Turba Philosophorum
The Twenty-Fourth Dictum
Bocascus* saith: Thou hast spoken well, O Belus, and therefore I follow thy steps!
He answereth: As it may please you, but do not become envious, for that is not the part of the Wise. And Bocascus: Thou speakest the truth, and thus, therefore, I direct the Sons of the Doctrine. Take lead, and, as the Philosophers have ordained, imbue, liquefy, and afterwards congeal, until a stone is produced; then rule the stone with gluten of gold and syrup of pomegranates until it be broken up. But you have already divided the water into two parts, with one of which you have liquefied the lead, and it has become as water; cook, therefore, the same until it be dried and have become earth; then pound with the water reserved until it acquire a red colour, as you have been frequently ordered.*
The Turba answereth: Thou hast done nothing but pile up ambiguous words, Return, therefore, to the subject. And he: Ye who wish to coagulate quicksilver,t must mix it with its equal.

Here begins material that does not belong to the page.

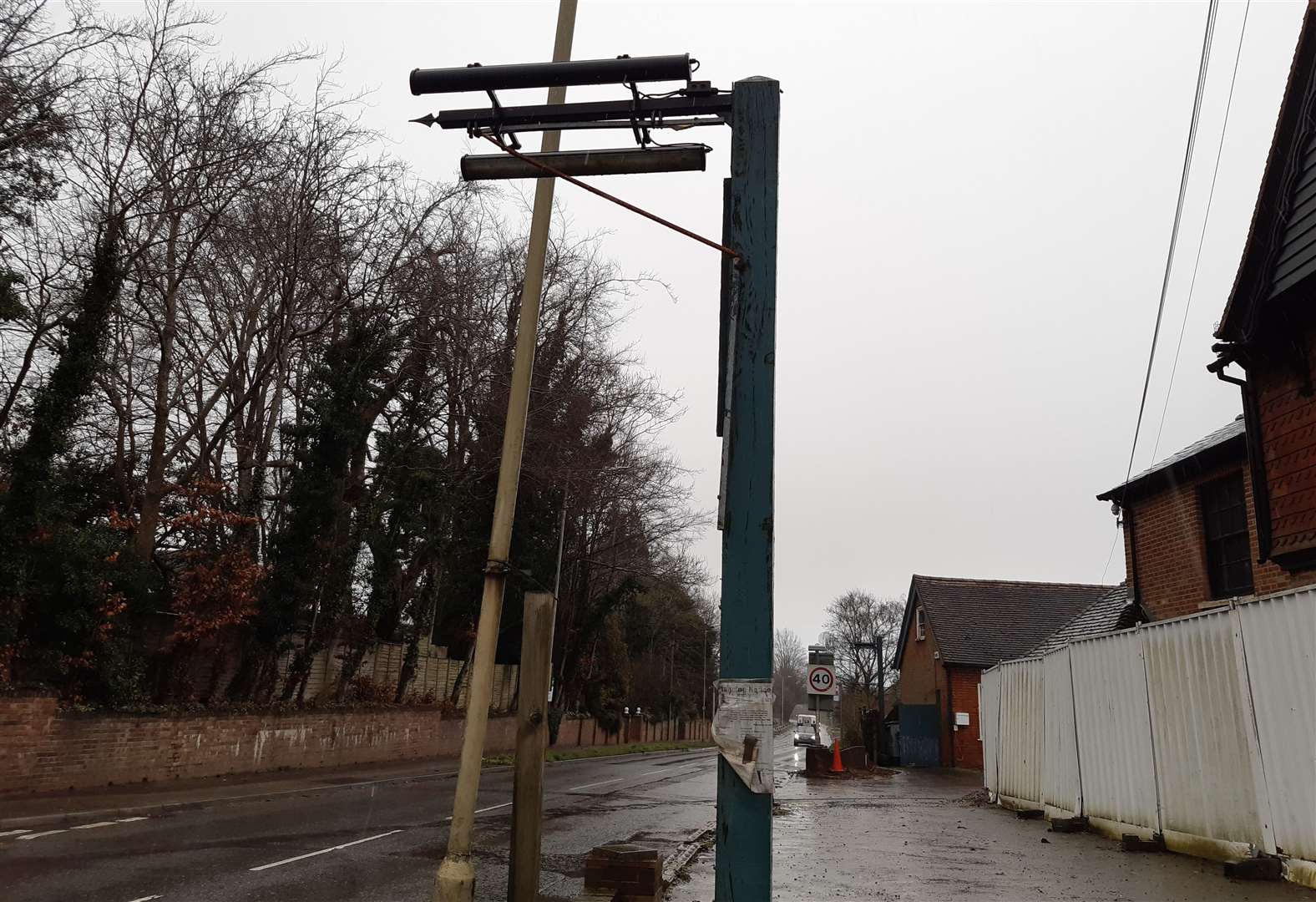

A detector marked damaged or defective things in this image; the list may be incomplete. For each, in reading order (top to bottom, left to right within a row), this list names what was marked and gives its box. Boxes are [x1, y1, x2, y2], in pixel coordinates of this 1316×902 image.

peeling paint on post [715, 78, 775, 902]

Afterwards cook it diligently until both become permanent water, and, again, cook this water until it be coagulated. But let this be desiccated with its own equal vapour, because ye have found the whole quicksilver to be coagulated by itself.* If ye understand, and place in your vessel what is necessary, cook it until it be coagulated, and then poundt until it becomes a crocus like to the colour of gold.